The appraisal of public health interventions: the use of theory.

Author information

1
Theorize Ltd, Manchester, UK.
2
Independent Researcher, Liverpool, UK.
3
Centre for Public Health, National Institute for Health and Care Excellence, London, UK.
4
Centre for Health Economics, University of York, York, UK.
5
Department of Health Services Research and Policy, London School of Hygiene and Tropical Medicine, London, UK.

Abstract

BACKGROUND:

Public health decision-making is hampered by inappropriate adherence to underpowered randomized controlled trials (RCTs) which give inconclusive results and lead to decision-makers being loath to recommend interventions with strong theoretical and observational support.

METHODS:

We outline situations in which robust decisions about health interventions can be made without trial evidence. We present a new approach in which theory, causal models and past observations are given proper regard in the decision-making process.

RESULTS:

Using our approach, we provide examples where the use of causal theories and observations in areas, such as salt reduction, smoking cessation and gardening to improve mental health, is sufficient for deciding that such interventions are effective for improving health without needing the support of underpowered RCTs.
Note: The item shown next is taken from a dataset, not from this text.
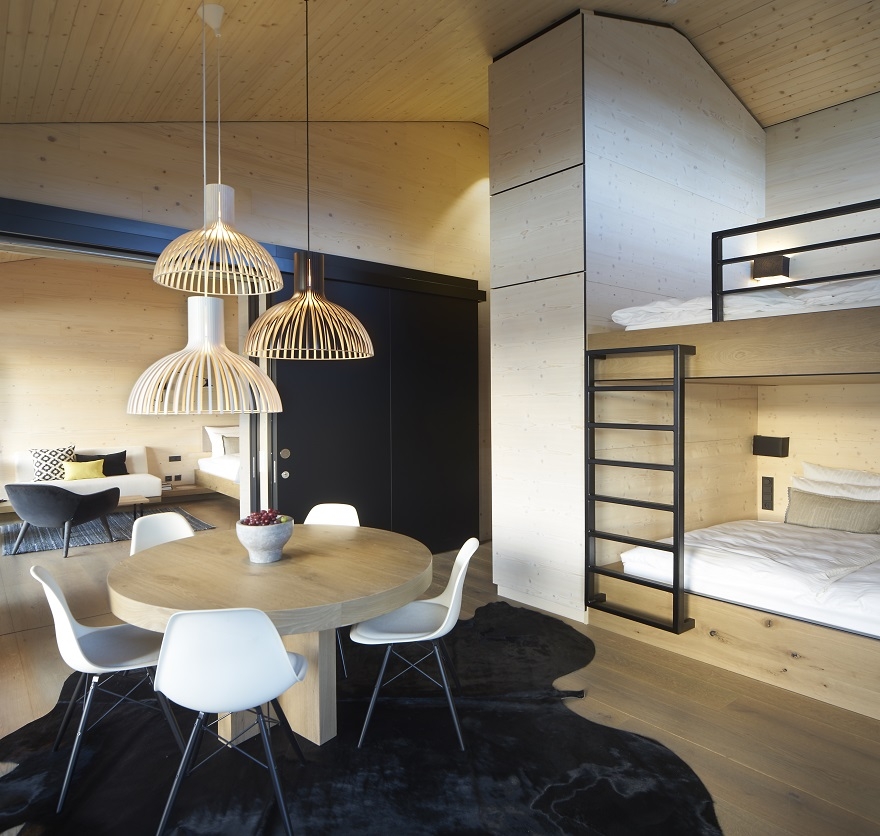 Aufnahme im Schlafraum des Alpenchalets am Tegernsee mit einem schwarzen Teppich, einem Esstisch und einem Alkoven-Bett.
Particularly where RCT evidence is inconclusive, our approach may provide similar aggregate health outcomes for society for vastly lower cost.

CONCLUSIONS:

When knowledge and theoretical understanding are unable sufficiently to reduce doubt about the direction of effect from an intervention, decisions should be made using evidence-based medicine approaches. There are, however, many cases where the combination of robust theory, causal understanding and observation are able to provide sufficient evidence of the direction of effect from an intervention that current practice should be altered.

KEYWORDS:

health services; methods; public health

PMID:
25015579
DOI:
10.1093/pubmed/fdu044
[Indexed for MEDLINE]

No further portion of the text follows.